Pharmacy (Basel). 2019 Aug 29;7(3):125. doi: 10.3390/pharmacy7030125.
To investigate information sources utilized in pharmacists' assessment of population-based health needs and/or community changes; and the association between information sources utilized and reported completion of continuing professional education topics.
In 2017; licensed pharmacists (n = 1124) in North Dakota; South Dakota; Minnesota; Iowa; and Nebraska completed a questionnaire on continuing professional education and information sources on population-based health needs and community changes. Data were entered; cleaned and imported into Stata 11.1. Census Bureau county-level population density data were used to classify local area characteristics. Descriptive statistics and multivariate logistic regression analyses were performed.
Most sources of primary; county-level data on population-based health needs or community changes were minimally utilized. Pharmacists in more rural areas were statistically more likely to use local health professionals; local non-health professionals; and/or the state health department compared to pharmacists in less rural areas. Pharmacists reporting higher use of population-based information sources were more likely to have completed continuing education in the past 12 months for all 21 surveyed topics; 13 significantly so.

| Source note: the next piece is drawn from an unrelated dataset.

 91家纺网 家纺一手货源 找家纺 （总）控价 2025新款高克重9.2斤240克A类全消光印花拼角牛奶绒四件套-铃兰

There is a reliance of pharmacists on information from local health and non-health professionals for information on population-based health needs and/or community changes. Utilization of health departments and other primary information sources was associated with increased rates of completion of an array of continuing professional education topics. Expanding utilization of evidence-driven information sources would improve pharmacists' ability to better identify and respond to population-based health needs and/or community changes through programs and services offered; and tailor continuing professional education to population-based health needs.
调查药剂师在评估基于人群的健康需求和/或社区变化时所使用的信息来源;以及所使用的信息来源与报告的继续职业教育主题完成情况之间的关联。
2017年,北达科他州、南达科他州、明尼苏达州、爱荷华州和内布拉斯加州的执业药剂师(n = 1124)完成了一份关于继续职业教育以及基于人群的健康需求和社区变化的信息来源的问卷。数据录入、清理后导入到Stata 11.1中。使用人口普查局县级人口密度数据对当地特征进行分类。进行描述性统计和多变量逻辑回归分析。
关于基于人群的健康需求或社区变化的大多数主要县级数据来源的利用率极低。与农村程度较低地区的药剂师相比,农村程度较高地区的药剂师在统计学上更有可能使用当地卫生专业人员、当地非卫生专业人员和/或州卫生部门。报告更多使用基于人群的信息来源的药剂师在过去12个月中更有可能完成针对所有21个调查主题的继续教育;其中13个主题的相关性非常显著。
药剂师在获取基于人群的健康需求和/或社区变化的信息方面依赖于当地卫生和非卫生专业人员提供的信息。利用卫生部门和其他主要信息来源与一系列继续职业教育主题的完成率提高相关。扩大对循证信息来源的利用将提高药剂师通过提供的项目和服务更好地识别和应对基于人群的健康需求和/或社区变化的能力,并使继续职业教育适应基于人群的健康需求。